If you work in technical SEO, you might find this slightly funny, as it is not uncommon to come across such a “link” on a website and to have to ask the dev team to change it into a proper link that search engines can follow. In this case, we want to achieve the exact opposite.

Now that we have no more internal links pointing to paginated review pages, we can set them to “noindex” via the robots meta tag and lift the robots.txt block.

The paginated review pages now show up as “Not indexed > Excluded by ‘noindex’ tag” in Google Search Console – Mission accomplished.

Filtered category URLs

This is a URL type that probably exists on most e-commerce sites and has caused headaches for many technical SEO teams.

On Zamnesia, category filters used to link to URLs with parameters that reflected the selected filters, like this example:

https://www.zamnesia.com/33-headshop/38-bong?filter&material=metal

The links to these URLs were set to “nofollow” (again, using “nofollow” on internal links is never a good idea) and the URLs were blocked via the robots.txt file. You already know what this means: They were indexed all the same.

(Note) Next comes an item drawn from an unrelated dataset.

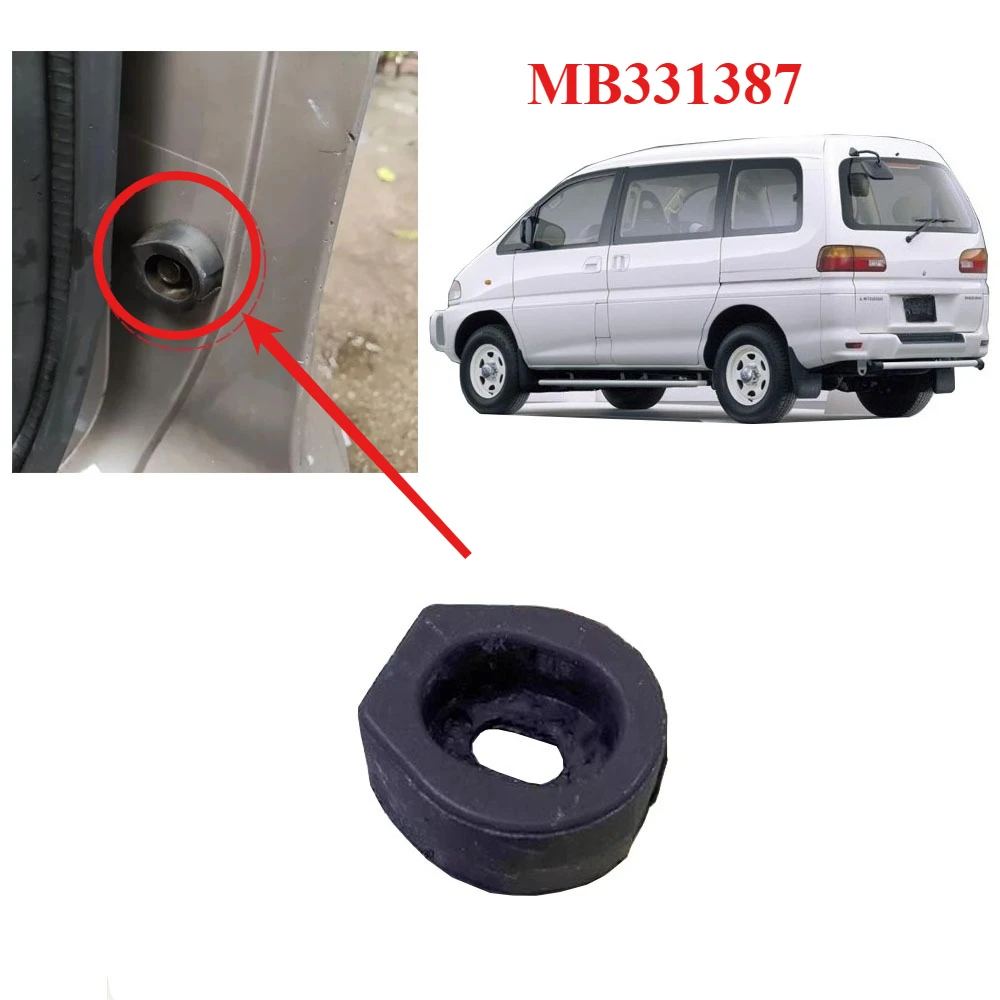 

1 Piece Rear Door Buffer for Delica L400 MB331387 Stop Shock Rubber for L400 Tailgate Positioning Block Rubber Accessories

We made changes that are very similar to some of the ones described for previous URL types:

  • Mask the filter links so that they are no longer followed by search engines: A click on a filter will still take the user to the filter URL with parameters, but there is no longer an <a> element that links to the URL.
  • Set the URLs to “noindex” via the X-Robots-Tag HTTP header – We picked this method instead of the meta robots tag in the HTML because some old filter URLs had been redirected in the meantime and we wanted one easy solution for all filter URLs. A URL that redirects to another URL cannot have a meta robots tag, but it can be set to “noindex” via the HTTP header.
  • Remove the rules from the robots.txt file that block filtered category URLs.

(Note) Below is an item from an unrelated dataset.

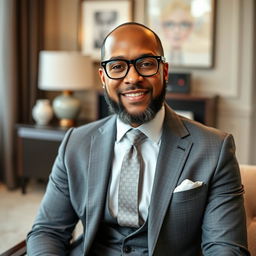 A portrait of Kevin Samuels, the influential lifestyle coach and YouTube personality known for his tailored suits and sophisticated style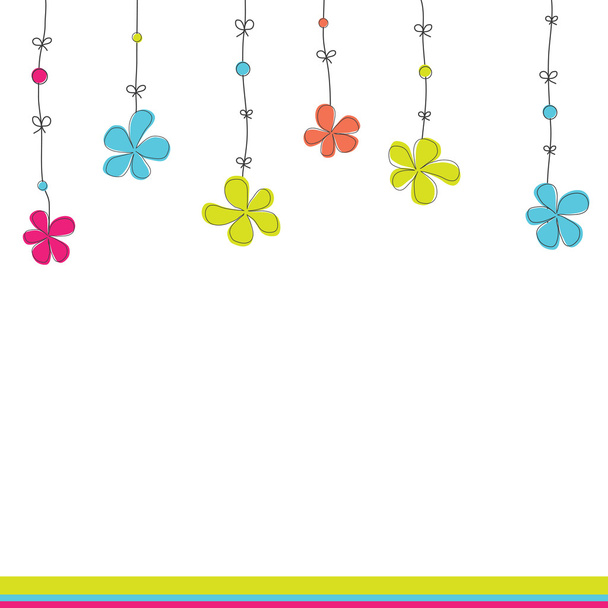 Background with flowers. Vector illustration - Vector, Imagen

Again, mission accomplished: All filtered category URLs now show up as “Not indexed > Excluded by ‘noindex’ tag” in GSC.

Internal search result pages

Internal search result pages were not internally linked on Zamnesia, but some still showed up as “Indexed, though blocked by robots.txt” – Maybe because they were linked internally in the distant past, or externally from other websites.

Here is an example of an internal search result URL on Zamnesia:

https://www.zamnesia.com/search?search_query=gorilla+glue&orderby=position&orderway=desc

The required changes in this case were minimal:

  • Set internal search result pages to “noindex” via the robots meta tag.
  • Remove the rules from the robots.txt file that block internal search result pages.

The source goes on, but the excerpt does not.